Die zügige Lieferung so vieler Masken, sagte Herrmann, schien ihm "ziemlich vielversprechend" - zumal Scheuer den Transport über die Lufthansa zusicherte; keine Selbstverständlichkeit damals bei eingeschränktem Luftraum. Dennoch habe er angeregt, "nicht die Katze im Sack zu kaufen" und eine Gewährleistungsklausel in den Vertrag aufzunehmen - die später tatsächlich griff. Markus Rinderspacher (SPD) warf ein, dass es laut Aktenlage von den fachlichen Stellen "frühzeitig massive Zweifel an der Verkehrsfähigkeit der Produkte gegeben" habe. "Diese Masken haben akut niemandem geholfen." Eben wegen dieses "Feedbacks, dass es nicht glatt durchläuft", habe es die Klausel gegeben, antwortete Herrmann. Das Angebot "schien im Gesamten schlüssig" - und er wollte "in der heißen Phase nicht zum klassischen Bedenkenträger werden". Scheuer sei "immerhin" Bundesverkehrsminister gewesen und das Risiko, "dass das Hokuspokus ist, sehr gering".

"Kein Anlass, von Günstlingswirtschaft oder Bananenstaat auszugehen"

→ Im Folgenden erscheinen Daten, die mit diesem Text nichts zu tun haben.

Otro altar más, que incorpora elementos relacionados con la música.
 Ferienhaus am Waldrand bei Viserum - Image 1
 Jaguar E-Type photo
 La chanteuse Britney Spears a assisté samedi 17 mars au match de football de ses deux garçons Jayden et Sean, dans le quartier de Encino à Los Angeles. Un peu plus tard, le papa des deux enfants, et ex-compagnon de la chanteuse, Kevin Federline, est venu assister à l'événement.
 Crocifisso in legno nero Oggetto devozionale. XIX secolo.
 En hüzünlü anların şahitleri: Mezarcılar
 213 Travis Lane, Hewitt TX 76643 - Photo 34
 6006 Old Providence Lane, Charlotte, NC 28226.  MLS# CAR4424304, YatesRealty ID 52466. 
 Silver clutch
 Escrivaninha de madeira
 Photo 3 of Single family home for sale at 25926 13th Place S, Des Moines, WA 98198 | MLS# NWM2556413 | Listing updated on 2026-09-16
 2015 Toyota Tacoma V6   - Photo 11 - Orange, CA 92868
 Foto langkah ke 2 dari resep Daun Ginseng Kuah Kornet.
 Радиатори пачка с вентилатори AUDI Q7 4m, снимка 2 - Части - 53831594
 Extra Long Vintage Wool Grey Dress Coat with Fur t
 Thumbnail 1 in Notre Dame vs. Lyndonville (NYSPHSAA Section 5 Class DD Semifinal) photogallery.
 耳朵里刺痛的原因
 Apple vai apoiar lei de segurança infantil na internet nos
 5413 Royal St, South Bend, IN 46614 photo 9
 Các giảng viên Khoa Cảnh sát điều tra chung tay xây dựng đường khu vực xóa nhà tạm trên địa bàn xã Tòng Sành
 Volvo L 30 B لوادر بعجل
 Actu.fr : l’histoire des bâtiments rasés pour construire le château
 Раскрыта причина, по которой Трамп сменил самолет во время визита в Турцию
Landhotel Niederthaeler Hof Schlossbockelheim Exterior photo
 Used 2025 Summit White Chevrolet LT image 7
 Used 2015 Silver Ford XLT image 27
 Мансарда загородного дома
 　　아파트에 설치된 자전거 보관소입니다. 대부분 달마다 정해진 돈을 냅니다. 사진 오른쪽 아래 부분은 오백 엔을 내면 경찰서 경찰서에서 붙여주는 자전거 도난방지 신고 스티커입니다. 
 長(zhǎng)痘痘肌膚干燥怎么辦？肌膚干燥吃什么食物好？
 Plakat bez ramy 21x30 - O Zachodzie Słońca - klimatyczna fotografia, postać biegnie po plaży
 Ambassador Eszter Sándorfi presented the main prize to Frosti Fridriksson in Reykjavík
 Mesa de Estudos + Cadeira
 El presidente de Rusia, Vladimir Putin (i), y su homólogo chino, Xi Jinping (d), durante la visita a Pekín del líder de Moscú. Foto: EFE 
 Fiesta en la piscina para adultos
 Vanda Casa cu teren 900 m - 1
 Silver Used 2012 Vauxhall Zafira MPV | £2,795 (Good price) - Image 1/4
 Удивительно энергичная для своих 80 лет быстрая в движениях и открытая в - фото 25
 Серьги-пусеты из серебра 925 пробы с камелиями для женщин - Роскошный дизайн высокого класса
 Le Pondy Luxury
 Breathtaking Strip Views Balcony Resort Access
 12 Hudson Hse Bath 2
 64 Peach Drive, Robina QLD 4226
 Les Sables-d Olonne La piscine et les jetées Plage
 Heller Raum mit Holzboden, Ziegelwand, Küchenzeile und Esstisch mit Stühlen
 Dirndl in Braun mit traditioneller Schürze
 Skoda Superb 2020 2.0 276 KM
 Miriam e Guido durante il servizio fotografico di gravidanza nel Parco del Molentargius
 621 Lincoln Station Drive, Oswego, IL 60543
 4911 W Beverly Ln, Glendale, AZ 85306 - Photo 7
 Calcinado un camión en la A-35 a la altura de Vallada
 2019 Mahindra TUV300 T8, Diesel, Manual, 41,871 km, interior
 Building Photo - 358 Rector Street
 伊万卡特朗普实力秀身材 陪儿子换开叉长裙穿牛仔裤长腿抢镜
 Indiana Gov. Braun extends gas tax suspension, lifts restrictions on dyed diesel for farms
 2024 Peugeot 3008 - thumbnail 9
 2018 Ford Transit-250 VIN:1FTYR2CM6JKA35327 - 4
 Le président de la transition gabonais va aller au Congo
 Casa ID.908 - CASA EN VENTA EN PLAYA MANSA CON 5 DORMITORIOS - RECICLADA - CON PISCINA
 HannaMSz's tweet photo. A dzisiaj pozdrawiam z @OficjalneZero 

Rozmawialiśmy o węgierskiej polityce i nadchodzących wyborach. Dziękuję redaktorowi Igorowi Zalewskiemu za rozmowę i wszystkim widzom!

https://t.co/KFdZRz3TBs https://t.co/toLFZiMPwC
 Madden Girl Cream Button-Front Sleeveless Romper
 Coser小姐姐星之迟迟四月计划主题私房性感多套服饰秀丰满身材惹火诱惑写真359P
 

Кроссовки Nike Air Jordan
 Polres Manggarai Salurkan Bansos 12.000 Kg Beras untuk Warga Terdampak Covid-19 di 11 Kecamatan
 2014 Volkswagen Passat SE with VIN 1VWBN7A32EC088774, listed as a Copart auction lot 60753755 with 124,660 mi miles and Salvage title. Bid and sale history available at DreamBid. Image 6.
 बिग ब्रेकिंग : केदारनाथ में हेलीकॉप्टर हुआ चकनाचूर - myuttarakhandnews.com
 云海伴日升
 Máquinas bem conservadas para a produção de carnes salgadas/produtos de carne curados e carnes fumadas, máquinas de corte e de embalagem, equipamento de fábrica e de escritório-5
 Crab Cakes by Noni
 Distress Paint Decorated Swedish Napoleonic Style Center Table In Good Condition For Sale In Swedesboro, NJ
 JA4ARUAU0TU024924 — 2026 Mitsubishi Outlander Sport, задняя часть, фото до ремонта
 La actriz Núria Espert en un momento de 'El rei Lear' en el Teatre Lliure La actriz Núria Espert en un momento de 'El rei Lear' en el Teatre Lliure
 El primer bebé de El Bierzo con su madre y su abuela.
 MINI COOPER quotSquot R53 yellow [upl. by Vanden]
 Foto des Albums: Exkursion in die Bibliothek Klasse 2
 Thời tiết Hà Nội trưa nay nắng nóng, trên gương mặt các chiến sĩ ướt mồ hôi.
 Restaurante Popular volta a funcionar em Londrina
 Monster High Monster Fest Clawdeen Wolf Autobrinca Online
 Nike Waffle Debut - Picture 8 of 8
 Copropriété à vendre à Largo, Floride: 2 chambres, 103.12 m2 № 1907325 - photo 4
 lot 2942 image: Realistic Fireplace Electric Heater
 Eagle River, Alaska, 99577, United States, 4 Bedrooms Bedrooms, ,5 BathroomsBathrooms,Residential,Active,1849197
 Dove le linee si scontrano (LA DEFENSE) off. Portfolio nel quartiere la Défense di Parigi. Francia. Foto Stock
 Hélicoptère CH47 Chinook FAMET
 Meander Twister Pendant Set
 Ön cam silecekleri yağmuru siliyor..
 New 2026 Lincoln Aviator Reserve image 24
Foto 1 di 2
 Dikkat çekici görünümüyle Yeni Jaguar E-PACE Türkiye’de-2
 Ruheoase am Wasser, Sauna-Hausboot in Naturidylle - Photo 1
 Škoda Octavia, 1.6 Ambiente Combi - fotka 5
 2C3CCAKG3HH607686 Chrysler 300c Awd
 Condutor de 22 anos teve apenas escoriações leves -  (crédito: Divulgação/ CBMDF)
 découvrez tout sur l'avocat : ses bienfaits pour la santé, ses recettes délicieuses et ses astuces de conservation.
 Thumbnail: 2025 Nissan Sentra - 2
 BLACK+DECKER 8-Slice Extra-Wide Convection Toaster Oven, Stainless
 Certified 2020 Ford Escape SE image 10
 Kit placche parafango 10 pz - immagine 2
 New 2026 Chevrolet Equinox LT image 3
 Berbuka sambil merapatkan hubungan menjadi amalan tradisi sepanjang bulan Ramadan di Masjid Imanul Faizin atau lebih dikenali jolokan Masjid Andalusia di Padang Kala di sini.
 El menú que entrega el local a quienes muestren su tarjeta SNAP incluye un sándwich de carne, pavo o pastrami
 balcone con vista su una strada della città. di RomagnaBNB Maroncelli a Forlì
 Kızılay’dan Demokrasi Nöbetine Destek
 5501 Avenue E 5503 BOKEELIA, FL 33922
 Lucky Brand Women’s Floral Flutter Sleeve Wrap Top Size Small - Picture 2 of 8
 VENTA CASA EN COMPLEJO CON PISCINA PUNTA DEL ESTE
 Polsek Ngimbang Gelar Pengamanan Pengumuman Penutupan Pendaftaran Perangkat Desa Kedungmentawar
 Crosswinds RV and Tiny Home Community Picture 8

In einem Statement nach Herrmanns Aussage sagte der Grüne Siekmann: Belegt sei nun auf jeden Fall, dass das über Scheuer vermittelte Angebot "in der Staatskanzlei forciert und mit Nachdruck weitergegeben" wurde. Und "offenbar sind in Folge dieses Drucks fachliche Bedenken erst mal ignoriert worden". Dies folge dem Prinzip wie in anderen Fällen, so Siekmann: "Wer den kurzen Draht hatte, konnte sein Angebot auf dem richtigen Schreibtisch platzieren."

Strittig sei, wieso Scheuer ausgerechnet den Deal aus dessen Wahlkreis mit Luftfahrtkapazitäten unterstützt habe. SPD-Mann Rinderspacher sprach von "CSU-Connections" und "Vetternwirtschaft", Gerd Mannes (AfD) erkannte beim Staatskanzleichef "erstaunliche Erinnerungslücken" und "wenig Interesse an Aufklärung". Ausschussvorsitzender Bausback sagte dagegen, der "Beschaffungsdruck" sei in Herrmanns Aussage deutlich geworden, ebenso der Vorteil des Scheuer-Angebots mit dem Lufthansa-Transport. Es gebe "keinen Anlass, von Günstlingswirtschaft oder Bananenstaat auszugehen".